How do you like your brownies? Crispy, chewy or fudgy? I like mine to crispy on the outside and fudgy on the inside! …. and if given the choice, I like my brownies to be healthy (but not necessarily taste healthy hehe).
These brownies are gluten free because no flour is used! Instead cacao powder and black beans are used to create super rich and fudgy brownies. Don’t worry about the black beans… I know it’s kinda weird…but I promise you won’t taste them!Print
- 1 15oz / 425g can black beans, well rinsed and drained
- 2 chia eggs (made using 2 tablespoons of ground chia seeds)
- 5 tablespoons coconut oil
- 3/4 cup cacao powder + extra for garnish
- 1 teaspoons vanilla extract
- 1/2 cup coconut sugar
- 1 1/2 teaspoons baking powder
- Pinch of salt
- 1/2 cup raw walnut pieces
- Preheat the oven to 350F/175C and line a 8 inch/20cm rectangle baking tin with parchment paper. Spray with cooking oil (this will help to form crispy edges).
- Prepare chia eggs by mixing together ground chia with 5 tablespoons of water. Allow to thicken for five minutes.

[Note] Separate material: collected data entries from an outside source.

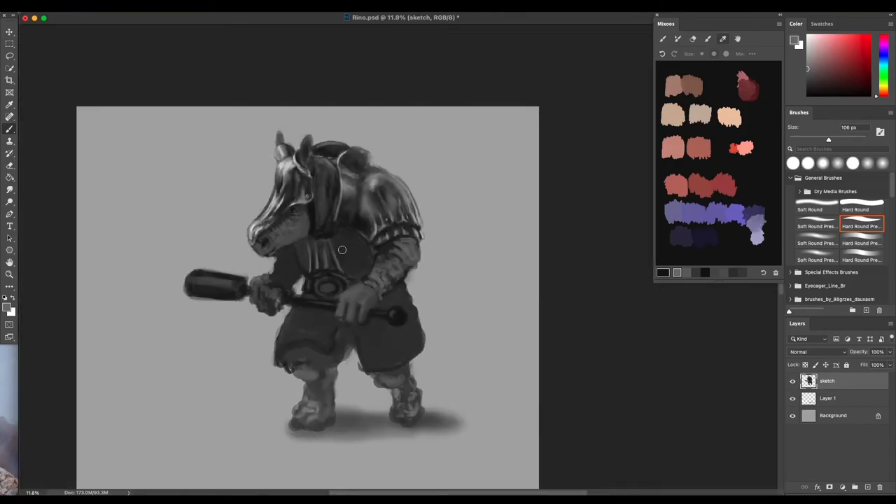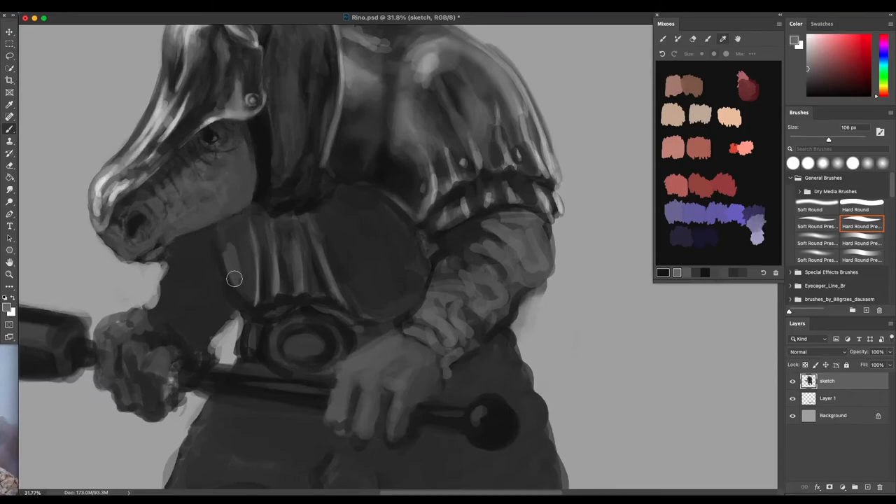Okay cool, he looks very fancy now - he's a fancy man, or you know, he's a rhino. That's right, he's a rhino so he's going to have to get his horns back at some point. I'm probably going to decorate them in some fashion. Excited to see what Micah thinks of the final product - if it's a convincing armored rhino or not, we'll have to find out.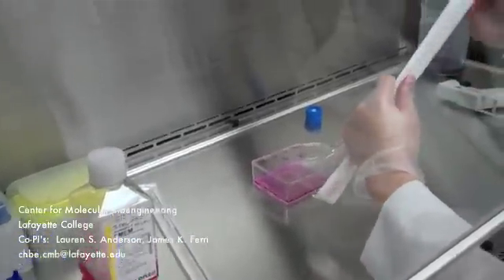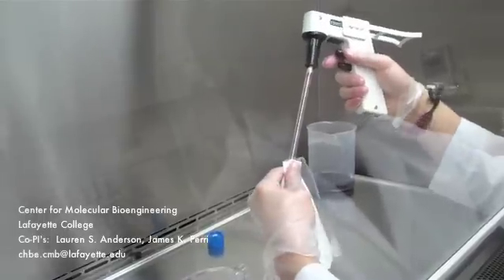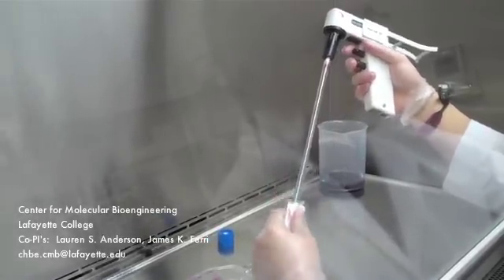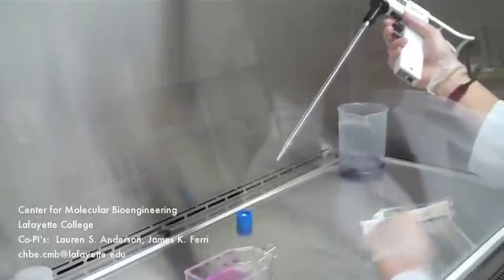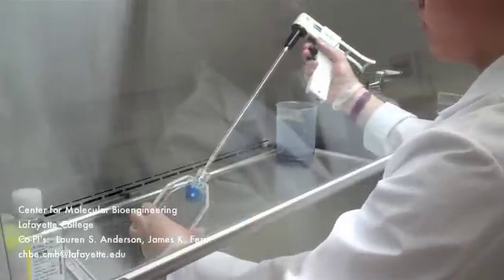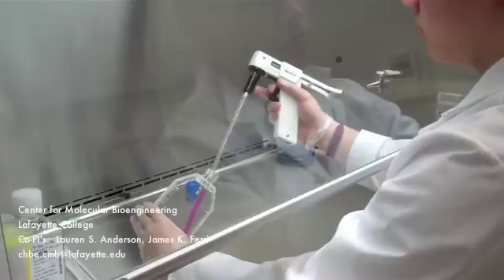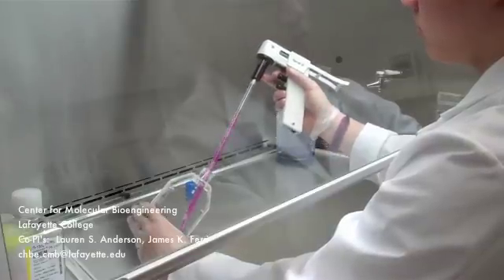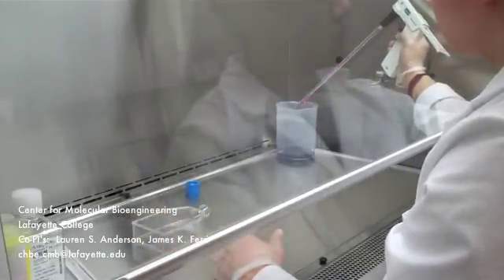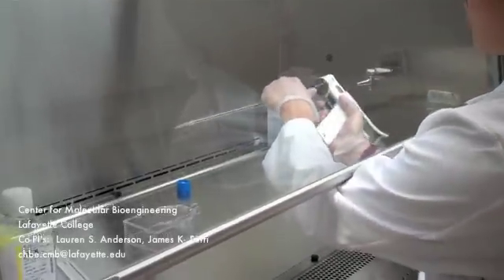Now grab the 10ml pipette, open it half way, and attach it to the pipette gun, adjusting the pipette while it is still in its casing so that you can read the milliliter markings. Remove the wrapping, being extra careful not to touch the tip of the pipette. Carefully place the pipette into the flask, making sure the tip does not come in contact with anything else in the hood. Aspirate all the media using the top button of the pipette gun. Take the pipette out and discard the media in the appropriate waste beaker using the bottom button of the pipette gun. Remove the pipette and place it in the appropriate waste container.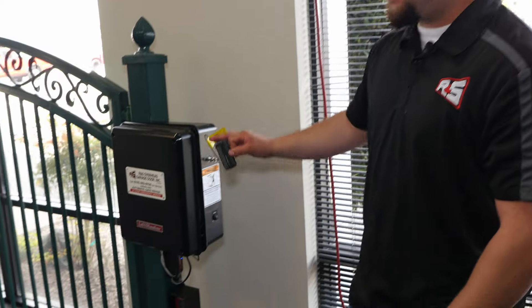Hi, my name is Scott. I'm with R&S Overhead Garage Doors and I'm a gate technician. Today I'm going to show you how to program a remote to your gate operator. Today we're going to be using an LA500.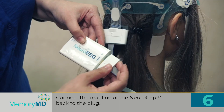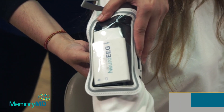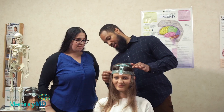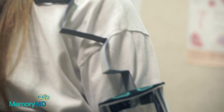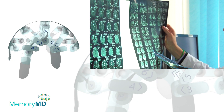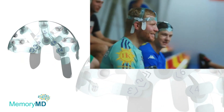NeuroCap works in line with the Neuro-EEG amplifier device to speed up the preparation for EEG studies to under 5 minutes. Medical staff of any level can perform an EEG test after only one hour of training and no prior experience. NeuroCap can be implemented in urban and rural emergency departments, intensive care units, operating rooms, urgent care facilities, neurology practices, and even the sports field.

- Put all remaining ingredients into a high powered blender (besides the walnuts) and blend until well mixed and beans are puréed. Scrap down the sides. Add a little bit of plant milk if you find the mixture is too thick (don’t add more than 1/4 cup of plant milk).
- Add the walnut pieces to brownie batter and mix well with a wooden spoon.
- Spoon brownie mixture into the prepared baking tin.
- Bake for 25 minutes or until a tooth pickl inserted into the brownie comes out clean.
- Allow to cool for 10 minutes before cutting. Sprinkle with cacao powder, if desired.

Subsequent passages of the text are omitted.